When the bridal couple walked into the church, the older sister walked on their right side and the younger on their left side, and the pigeons pecked out one eye from each of them. Afterwards, as they came out of the church, the older one was on the left side, and the younger one on the right side, and then the pigeons pecked out the other eye from each of them. And thus, for their wickedness and falsehood, they were punished with blindness as long as they lived.
The fussbuckets of the children's services world appear to have won their campaign to allow the government to lock up parents who are emotionally cruel to their children:
Parents who fail to show love and affection towards their children could be sent to prison for up to 10 years under a “Cinderella Law” to be announced in the Queen’s Speech in June, according to a report.
The move will make “emotional cruelty” a criminal offence for the first time.
The decision was hailed as a “monumental step” forwards by a children’s charity, which said children could grow up with “ lifelong mental health problems” or end up taking their own lives.

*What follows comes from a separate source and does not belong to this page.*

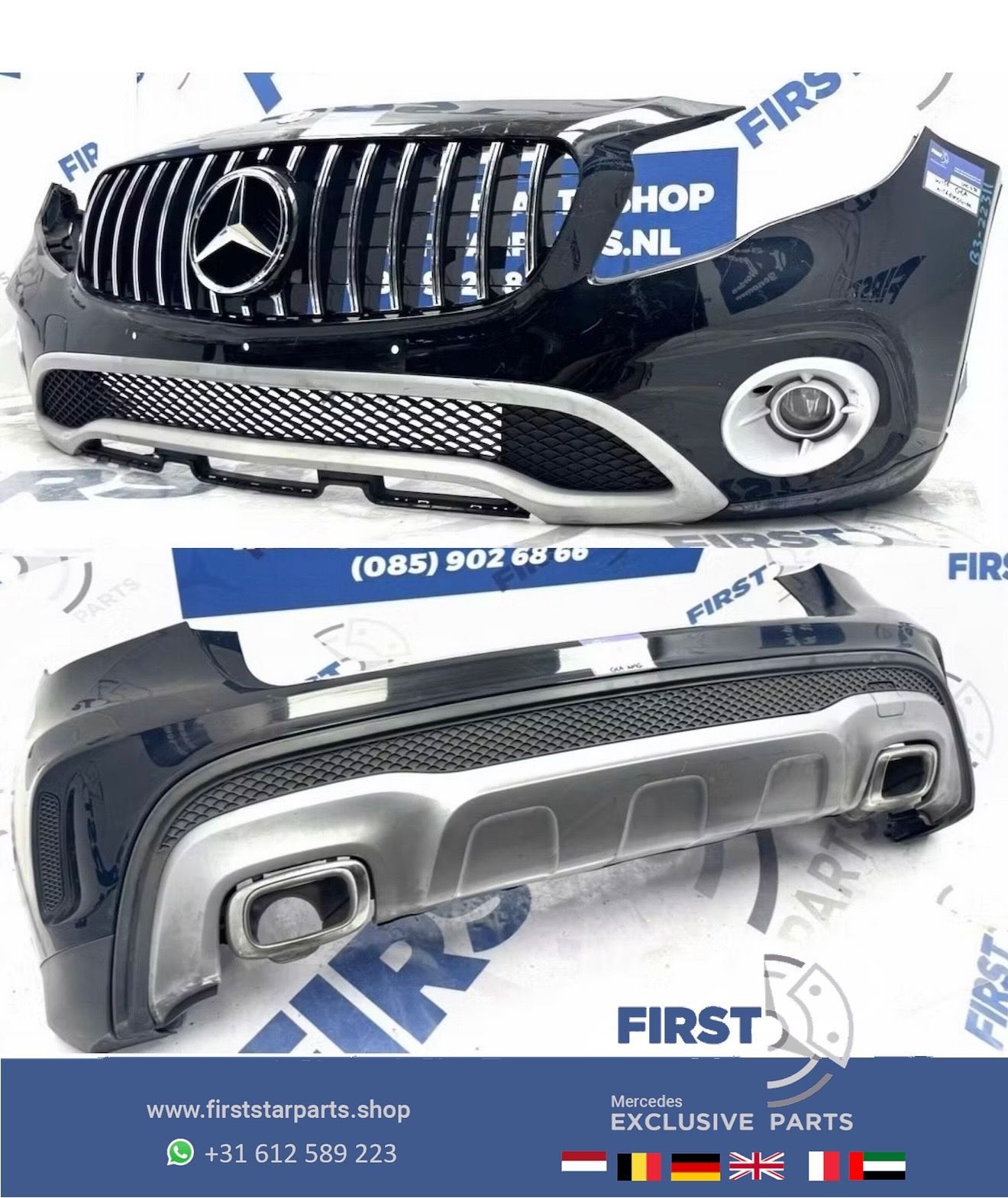W156 GLA BUMPER Pakket origineel Mercedes GLA KLASSE 2013-20, Gebruikt, -, Ophalen of Verzenden, Bumper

There is only one question to ask here - who is deciding when being strict and brusque tips over into 'emotional cruelty'? The MP promoting the bill chooses the stigmatise step-parents (most of which do an OK job helping to bring up someone else's children) and uses the most pathetic appeal to emotion available - the fairy tale:
“Not too many years after the Brothers Grimm popularised the story of Cinderella, the offence of child neglect was introduced,” he said, but added: “Our criminal law has never reflected the full range of emotional suffering experienced by children who are abused by their parents or carers.
“The sad truth is that, until now, the Wicked Stepmother would have got away scot-free."

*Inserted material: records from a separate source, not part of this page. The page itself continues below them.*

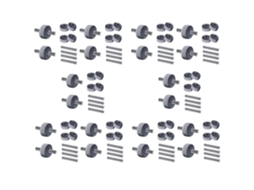 60 Peças Front Rodas Para Shark Aspirador Nv350 Nv351 Nv352 Nv355 Nv356e Nv500 Nv501 Nv502 E More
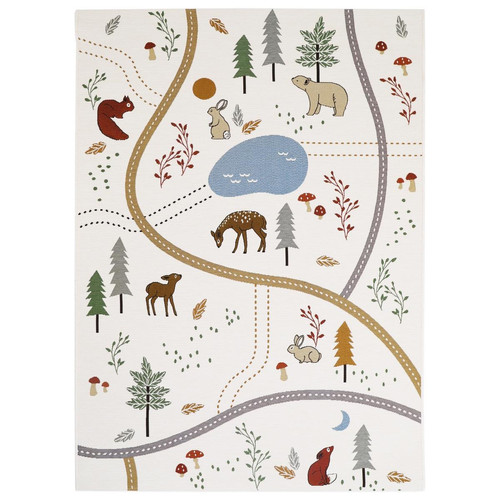 TAPIS LITTLE FOREST 3S. x Home  - Tapis multicolore
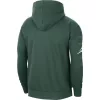 JORDAN MILWAUKEE BUCKS COURTSIDE STATEMENT FLEECE PULLOVER FIR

Now, as I remember it, the Wicked Stepmother's sin was to treat Cinders as a skivvy and not let her go to the ball. There's nothing in the tale to suggest that Cinderella was emotionally scarred by this treatment however egregious it was and however much the Wicked Stepmother favoured her own (famously ugly) daughters. I fail to see in this how locking up the Wicked Stepmother would have achieved anything? Would it have made Cinders' life better somehow? Or, more likely, would it have provided a little cruel schadenfreude for her as she jollied off into the sunset with the Prince!

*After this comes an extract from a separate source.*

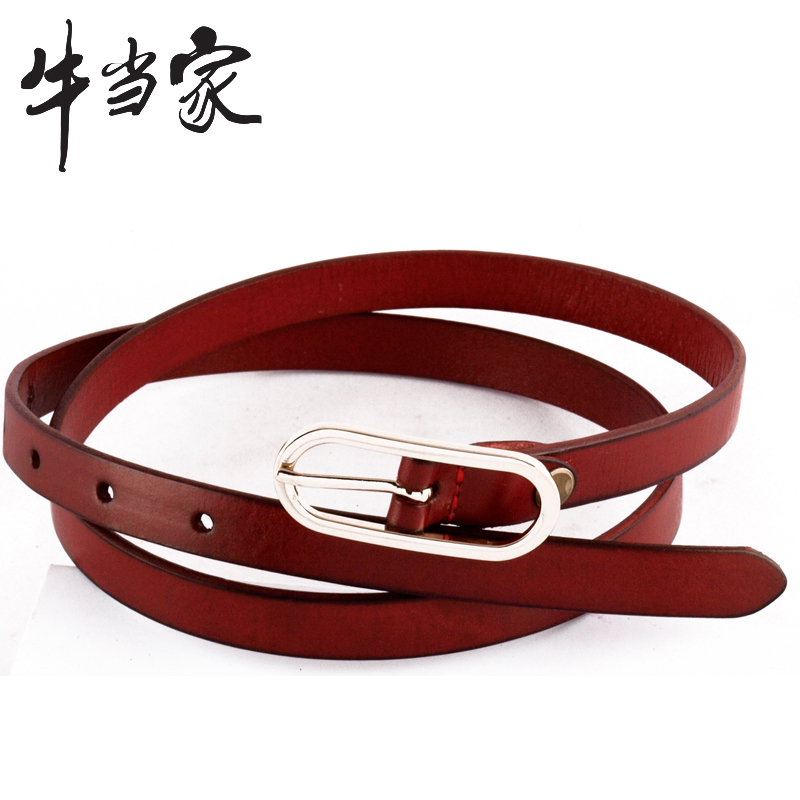 Women's belt thin belt female thin belt female genuine leather strap Women genuine leather strap female cowhide 515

Just as we have done with 'offence' where the police are close to being able to arrest people randomly for just saying stuff, with this new idea we hand the power to public agencies to seize children and lock up their parents for almost anything. There is no boundary to emotional or social cruelty, it is simply a judgement made by one flawed individual about another flawed individual.
And it hands real power to people who say things like this:
Sir Tony Hawkhead, chief executive of Action for Children, said he had met children who had been “scapegoated in their families, constantly humiliated and made to feel unloved”.
Think of the teenage girl screaming at Mum (or worse step-mum); "you don't love me, you don't care". Or the grunting young lad refusing to make eye contact with Dad (god forbid, Step-dad) for days on end because he turned off the football and insisted he did his homework.
Child protection authorities already have the powers they need to respond to children who are being damaged by their home environment. What we have here are people who don't just want to protect the children, they want to punish the parents.
This proposal isn't about child protection, it's about vengeance.And we don't need it.